Bourjos didn’t take it as a slight.

“You know what, I’d almost rather have the pitcher in front of me than behind me to an extent,” he said. “I kind of looked at it like that and stayed positive. I know I haven’t swung the bat well and that I’m better than I’ve been doing. … Tonight, getting a couple of RBI and helping the team win was nice. But obviously there’s still more work to be done.”

Bourjos was nearly robbed of an opportunity to drive in the game-winning run. On the pitch before his walk-off hit, Bourjos skied an 0-2 pitch down the third base line, behind the tarp. Two-time Gold Glove winner David Wright chased after it and nearly came up with a highlight reel-worthy catch, lunging into the crowd.

“You kind of expect him to make that play,” Bourjos laughed, “because it’s David Wright and he’s going to make the play.”

Bourjos hit the next pitch in the same direction – toward Wright – but deep enough in the hole that Wright’s throw wasn’t in time after going so far to his left to make the backhand stop.

“I didn’t feel comfortable until I touched the bag,” Bourjos said.

The Phillies didn’t just put a brief stop to the Mets stomping all over their backyard – the Mets have won 20 of their last 27 games at Citizens Bank Park – but they survived New York’s latest long ball attack.

The Mets hit two more home runs on Wednesday and clubbed 12 home runs in the three-game series.
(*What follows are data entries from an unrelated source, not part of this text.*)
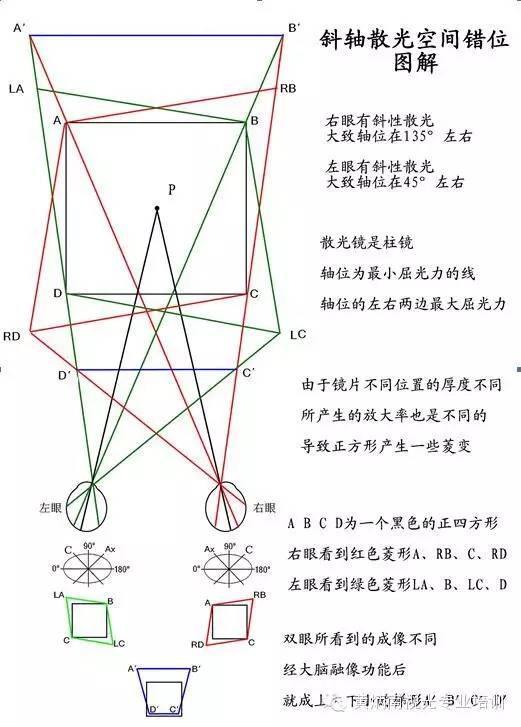 斜轴散光图片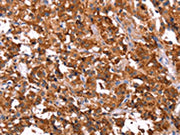 The image on the left is immunohistochemistry of paraffin-embedded Human thyroid cancer tissue using CSB-PA599022(ERAS Antibody) at dilution 1/40, on the right is treated with synthetic peptide. (Original magnification: ×200)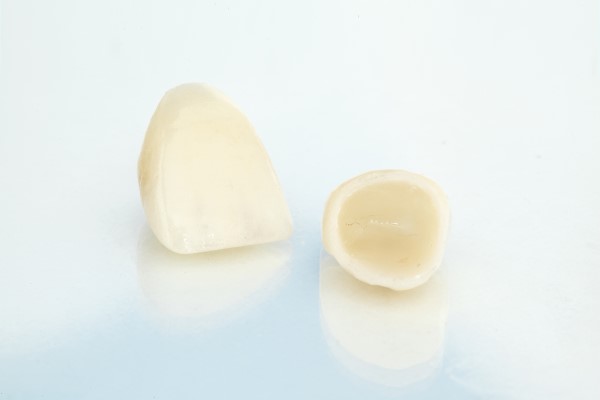 Dental Crowns Vs  Bridges: Important Differences To Keep In Mind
For a frame of reference: the Phillies have a total of 12 home runs all season.

The Mets nearly began their scoring on Wednesday with a three-run home run in the second inning, but it was ruled a ground-rule double with fan interference. The home runs the Mets did hit swung the balance in the middle of the game, after the Phillies had claimed their first lead of the series.

When Jeremy Hellickson took the mound in the fifth, he had a 3-2 lead thanks to a sacrifice fly from newcomer Lough (who also had two hits in the game). But three batters into the fifth, it was 4-3 Mets.
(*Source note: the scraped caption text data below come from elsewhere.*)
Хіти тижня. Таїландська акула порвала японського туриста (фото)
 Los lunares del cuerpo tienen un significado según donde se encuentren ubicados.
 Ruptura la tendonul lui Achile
Hellickson served up back-to-back, one-out home runs to Yoenis Cespedes and Lucas Duda. Duda homered in all three games of the series, Cespedes in each of the last two games.

The Mets have hit 13 of their 21 home runs this season against the Phillies, and the last 12 of those in the last three nights. Heading into Wednesday, the 17 home runs the Mets had hit in their previous five games was the most they had hit in any five-game stretch in franchise history.
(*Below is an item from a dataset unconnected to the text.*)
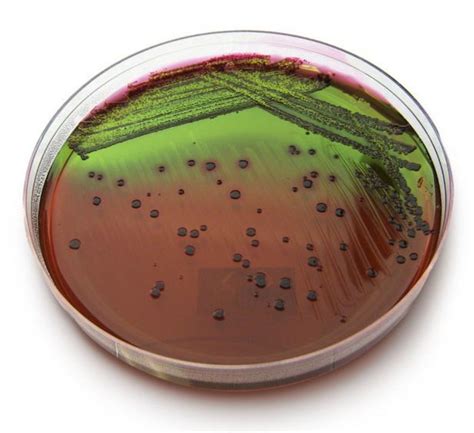 Emb Agar Composition Uses And Colony Characteristics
The Phillies, meanwhile, would just like to see a hit – any hit – from the guys they’re regularly counting on to get on base and drive in runs. 

The four hitters atop their lineup – Odubel Herrera, Cesar Hernandez, Maikel Franco and Ryan Howard – were a combined 0-for-14 with five strikeouts before Herrera’s leadoff single in the 10th. He was left stranded on first.

The bottom half of the lineup would pick them up an inning later, though.

The other unsung heroes of the night: the Phillies bullpen. For the second straight night and the second straight Jeremy Hellickson start, the relief corps was asked to come into a game far earlier than normally expected.

Hellickson was not good. He allowed 10 hits in 4 1/3 innings. In his last two starts, he has allowed nine earned runs in 17 hits in 7 1/3 innings.

The first reliever up was Hector Neris, who looks more than comfortable in his second year in the ‘pen. He struck out six of the 10 batters he faced in 2 2/3 shutout innings and didn’t walk a batter.

“From his last two outings in the spring he showed real command and poise, and in the early part of the season, he’s been doing that every time,” Mackanin said. “We really like what we see from him.”

Dalier Hinojosa followed with two shutout innings. He struck out three of the seven he faced and also didn’t walk anyone. 

Jeanmar Gomez survived a Travis d’Arnaud double and to pitch a scoreless 10th inning. In the 11th, Gomez struck out both Michael Conforto and Cespedes with the go-ahead run on second, turning the game back over to the bottom half of the Phillies lineup.

“It’s good to see Hinojosa back to what I think is his true form,” Mackanin said. “And Gomez did a great job. Those are the real positives we can take from this game, along with the win, obviously.”